Costumes, Stripping and Skin treatments
Pole dancing costumes are brief, often only a crop top and short shorts or hot pants. This is necessary because the dancer uses their skin to grip the pole; this includes legs, thighs, arms, shoulders and stomach skin too. Also, because of the sensual nature of it, dancers are used to performing in small costumes. Stripping is not part of acrobatic pole dancing, in fact several major acrobatic pole dancing competitions prohibit stripping further than bra and g-string/thong. Stripping is of course the major point of stripper style pole dancing and is therefore required. Depending on the venue, audience and style of dance being performed, the dancer will often start with a dress, gown or cape and strip through the duration of their show to either bra and hot pants, bra and g-string, topless and g-string, or full nude.
Dancers traditionally wear stripper style platforms. The sole of these shoes have a non-slip suede or felt base that maintains grip for the dancer's feet even when they sweat. The frame of the shoe has a high strength core that can handle the punishing loads. The platform under the toes provides a means to pivot and swivel, and also protects the toes from impacting with the floor. The shoe must have a solid ankle closure or other means to secure the ankle. However, in many fitness based classes such shoes are not required (or in some schools even discouraged).
Dancers performing stripper style will often coat their skin in body lotion, body glitter or moisturizer to give it a more alluring sheen. Acrobatic style dancers do not adorn these substances as they make the pole more slippery and thus easier to fall off. Instead they may use several layers of shaving cream or hairspray on themselves to make their skin more sticky and therefore easier to grip the pole.
Pole Dancing as Exercise
In recent years pole dancing has exploded out of the strip clubs and into mainstream fitness. Girls (and occasionally guys) take pole dancing classes either at dedicated studios with fixed poles, or other venues with removable poles installed. The classes are like any other dance class, except that the room is full of poles for each student to practice their moves. Each school has it's own version of the craze with some teaching sensual stripperesque styles, and others teaching pure fitness. The sensual schools favour "frills" such as sexy and brief costumes, show performances, high heels, etc. The pure fitness schools eschew such extras, typically because their clientèle is less comfortable with such things.
There are usually around half a dozen distinct levels in pole dancing school ranging from beginners through intermediate and to advanced. Beginners moves are quite easy and require little strength or flexibility. Intermediate classes are where initial suspensions from the pole and inversions usually start. Advanced classes require great strength and flexibility, dealing with demanding contortions and suspensions from the pole. Few students who progress to upper level classes ever make to the transition to paid performers; most treat it as an ongoing hobby like an aerobics class.
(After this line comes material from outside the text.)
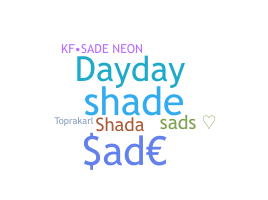 Nickname - Sade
- Do not dance on a pole that is not set up specifically for dancing, e.g. sign posts, furniture railings etc. Such poles may not hold your weight.
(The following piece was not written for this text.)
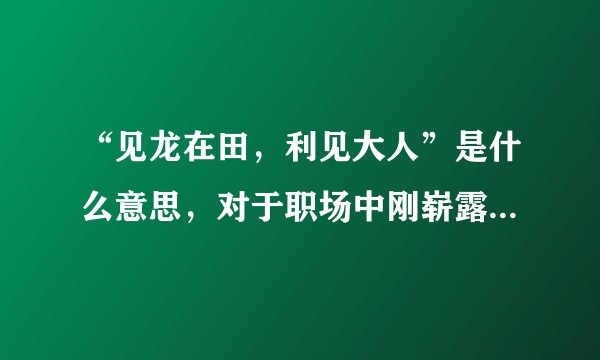 “见龙在田，利见大人”是什么意思，对于职场中刚崭露头角的人有什么启发？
- Always wear a g-string or thong when on the pole. You may be exposed to herpes and other STDs by rubbing your uncovered crotch on a pole.
- Never dance drunk. You may fall and hit your head very badly.
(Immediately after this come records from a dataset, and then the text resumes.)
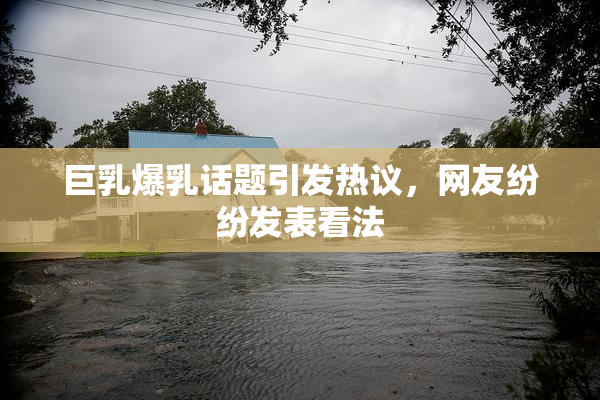 巨乳爆乳话题引发热议，网友纷纷发表看法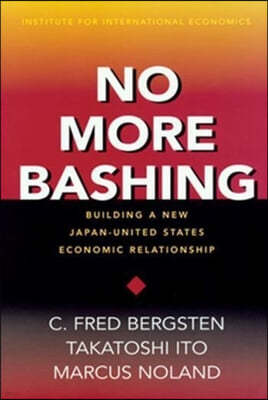 No More Bashing: Building a New Japan-United States Economic Relationship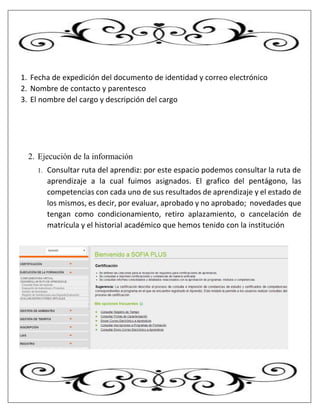 1. Fecha de expedición del documento de identidad y correo electrónico
2. Nombre de contacto y parentesco
3. El nombre del cargo y descripción del cargo
2. Ejecución de la información
1. Consultar ruta del aprendiz: por este espacio podemos consultar la ruta de
aprendizaje a la cual fuimos asignados. El grafico del pentágono, las
competencias con cada uno de sus resultados de aprendizaje y el estado de
los mismos, es decir, por evaluar, aprobado y no aprobado; novedades que
tengan como condicionamiento, retiro aplazamiento, o cancelación de
matrícula y el historial académico que hemos tenido con la institución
- Take it easy when you start. The loads that pole dancing places on your body are in directions that we do not normally experience in day to day life. You may easily injure a muscle if you are not prepared.
Give it a go!
You don't need to have a strong background in dance or strength training to start pole dancing. You can start the basics with no prior related experience and develop the skills required as you progress. It's fun, it improves your self confidence, and you develop a great body too.